Use Amazon SageMaker Ground Truth Plus to Label Data - Amazon SageMaker

Use Amazon SageMaker Ground Truth Plus to Label Data

Amazon SageMaker Ground Truth Plus is a turnkey data labeling service that uses an expert workforce to deliver high-quality annotations quickly and reduces costs by up to 40%. Using SageMaker Ground Truth Plus, data scientists and business managers, such as data operations managers and program managers, can create high-quality training datasets without having to build labeling applications and manage labeling workforces on their own. You can get started with Amazon SageMaker Ground Truth Plus by uploading data along with the labeling requirements in Amazon S3.

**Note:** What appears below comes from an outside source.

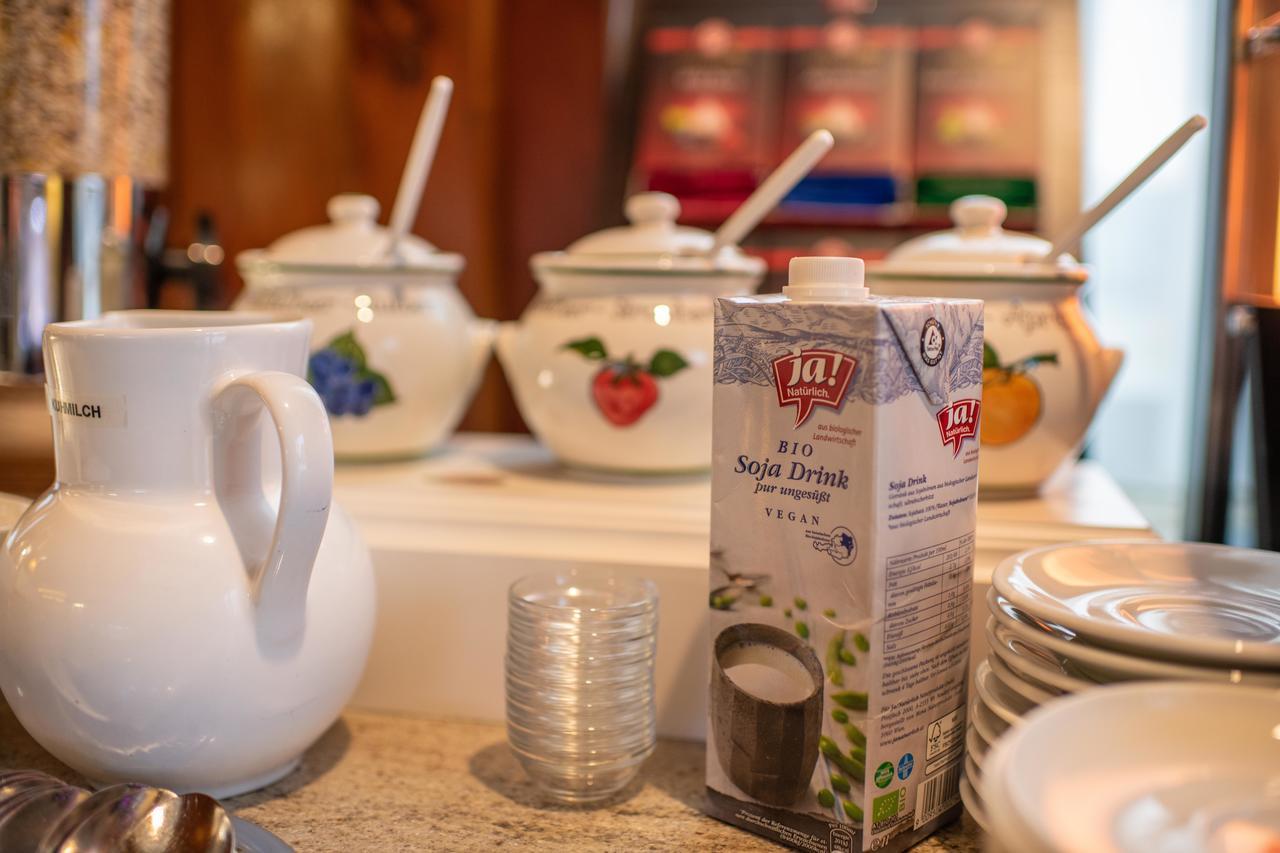 Hotel Restaurant Meyer كالسدورف باي غراتس المظهر الخارجي الصورة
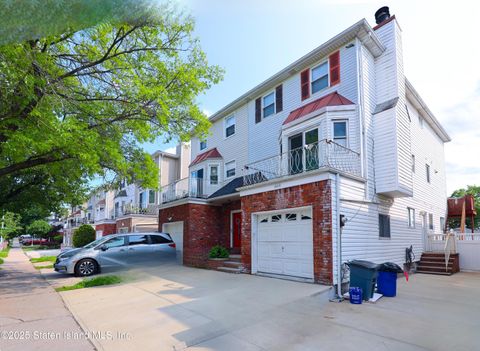 Photo of 664 Travis Avenue, Staten Island, NY 10314 (MLS # 2503212)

Why use SageMaker Ground Truth Plus?

To train a machine learning (ML) model, data scientists need large, high-quality, labeled datasets. As ML adoption grows, labeling needs increase. This forces data scientists to spend weeks on building data labeling workflows and managing a data labeling workforce. Unfortunately, this slows down innovation and increases cost. To ensure data scientists can spend their time building, training, and deploying ML models, data scientists typically task other in-house teams consisting of data operations managers and program managers to produce high-quality training datasets. However, these teams typically don't have access to skills required to deliver high-quality training datasets, which affects ML results. As a result, you look for a data labeling partner that can help them create high-quality training datasets at scale without consuming their in-house resources.

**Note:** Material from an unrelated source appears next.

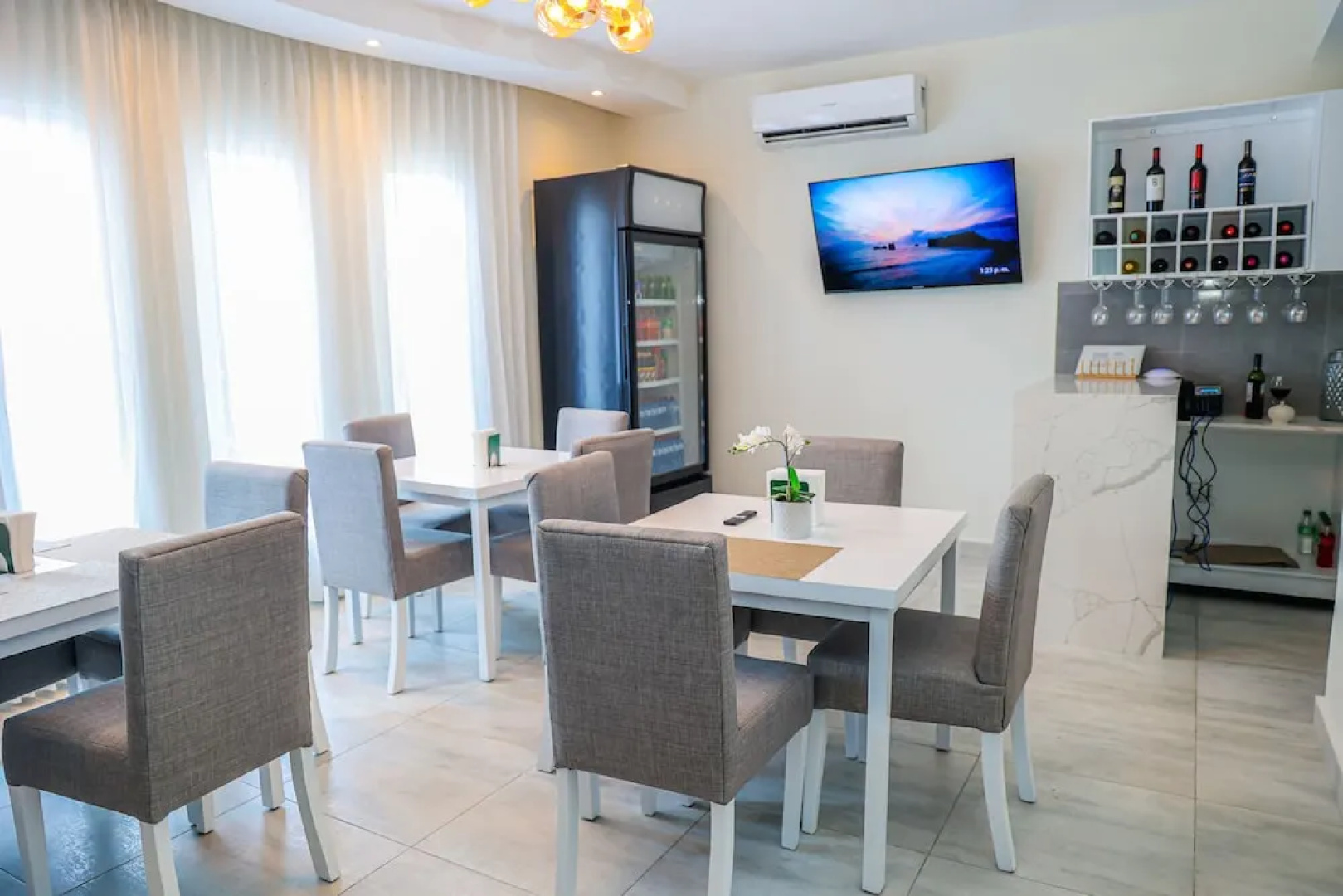 Jomy's Hotel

When you upload the data, SageMaker Ground Truth Plus sets up the data labeling workflows and operates them on your behalf. From there, an expert workforce trained on a varierty of machine learning (ML) tasks performs data labeling. SageMaker Ground Truth Plus currently offers two types of expert workforce: an Amazon employed workforce and a curated list of third-party vendors. SageMaker Ground Truth Plus provides you with the flexibility to choose the labeling workforce. AWS experts select the best labeling workforce based on your project requirements. For example, if you need people proficient in labeling audio files, specify that in the guidelines provided to SageMaker Ground Truth Plus, and the service automatically selects labelers with those skills.


SageMaker Ground Truth Plus does not support PHI, PCI or FedRAMP certified data, and you should not provide this data to SageMaker Ground Truth Plus.

How does SageMaker Ground Truth Plus work?

There are five main components to a workflow.

  • Requesting a project

  • Creating a project team

  • Accessing the project portal to monitor progress of training datasets and review labeled data

  • Creating a batch

  • Receiving the labeled data

How do I use SageMaker Ground Truth Plus?

If you are a first-time user of SageMaker Ground Truth Plus, use Getting Started with Amazon SageMaker Ground Truth Plus. get started. To access SageMaker Ground Truth Plus using the SageMaker console, you must be in US East (N. Virginia) (us-east-1).